(Stored entries)
-.-.-
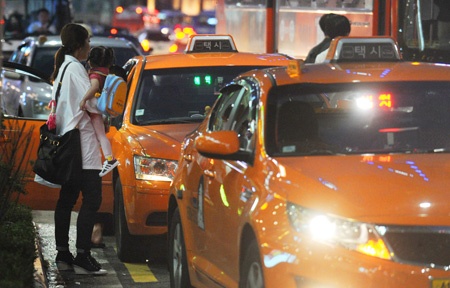Phat nang khach non trong taxi o Seoul hinh anh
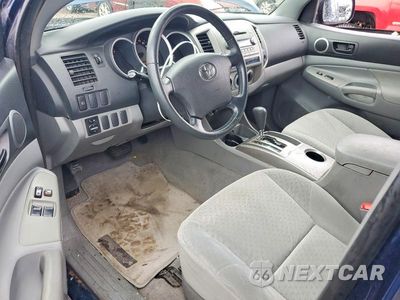 Zdjęcie 8 z 12 samochodu: 2005 TOYOTA TACOMA ACCESS CAB VIN:5TEUU42N65Z123184 - miniatura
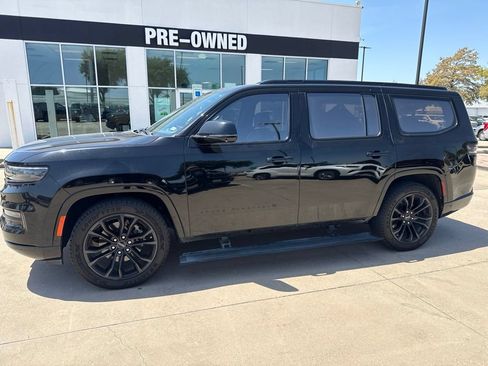 Used 2023 Jeep Grand Wagoneer Series II AWD/4WD image 2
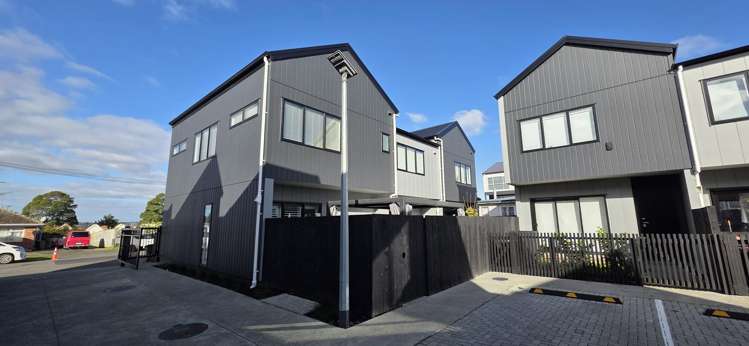 1/1 Holland Avenue Point England_32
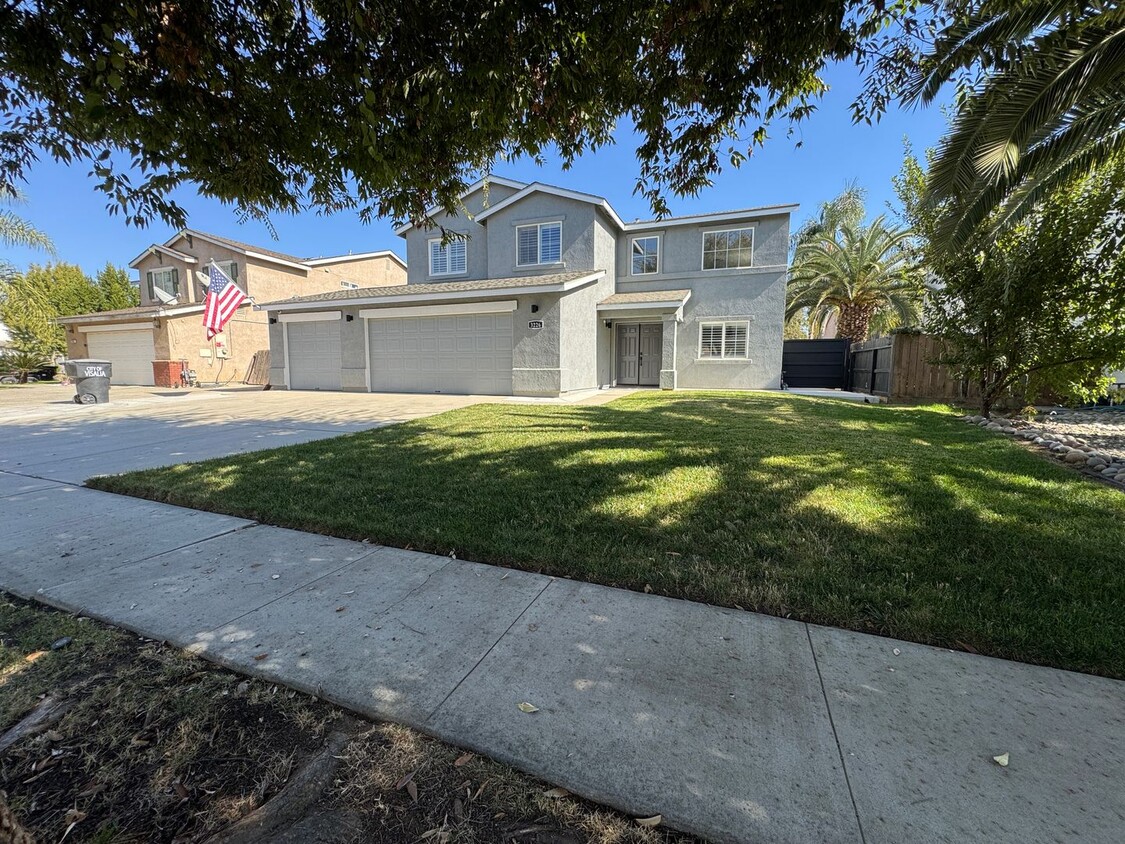 Foto principal - Lovely Home for rent in Visalia, Ca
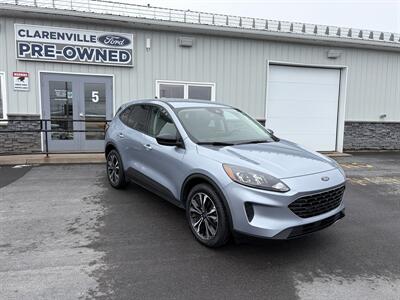 2022 Ford Escape SE - Photo 2 - Clarenville, NL A5A 2C4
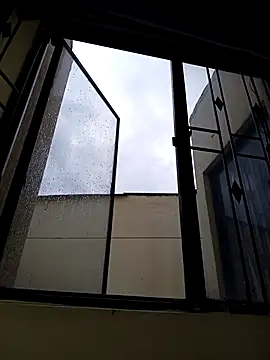 Snapshot of weedmanhot28 chatting on February 26, 2026, 11:05 pm weedmanhot28 online show from February 26, 2026, 11:05 pm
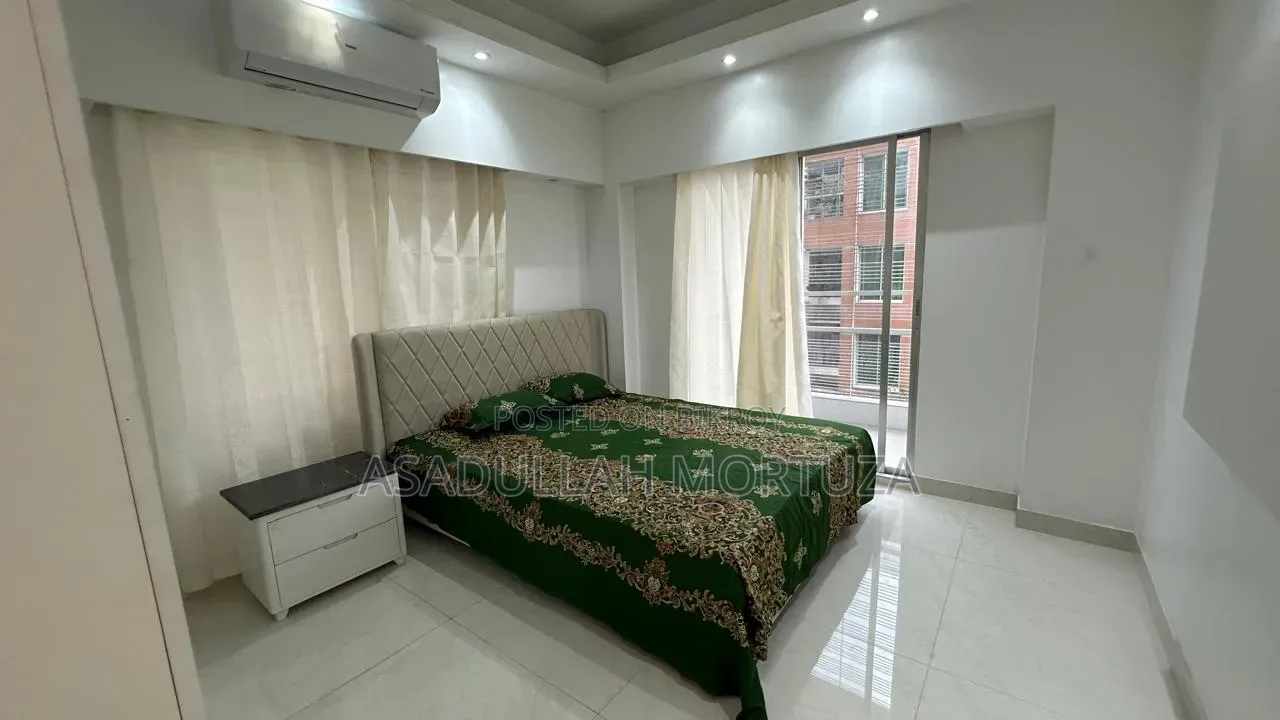 বসুন্ধরায় ৩ বেডরুমের ফার্নিশড অ্যাপার্টমেন্ট ভাড়া হবে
-.-.-
REQUIREMENT: Every entry belongs in the answer exactly as written, but no picture does.

ANSWER SECTION:
Phat nang khach non trong taxi o Seoul hinh anh
 Zdjęcie 8 z 12 samochodu: 2005 TOYOTA TACOMA ACCESS CAB VIN:5TEUU42N65Z123184 - miniatura
 Used 2023 Jeep Grand Wagoneer Series II AWD/4WD image 2
 1/1 Holland Avenue Point England_32
 Foto principal - Lovely Home for rent in Visalia, Ca
 2022 Ford Escape SE - Photo 2 - Clarenville, NL A5A 2C4
 Snapshot of weedmanhot28 chatting on February 26, 2026, 11:05 pm weedmanhot28 online show from February 26, 2026, 11:05 pm
 বসুন্ধরায় ৩ বেডরুমের ফার্নিশড অ্যাপার্টমেন্ট ভাড়া হবে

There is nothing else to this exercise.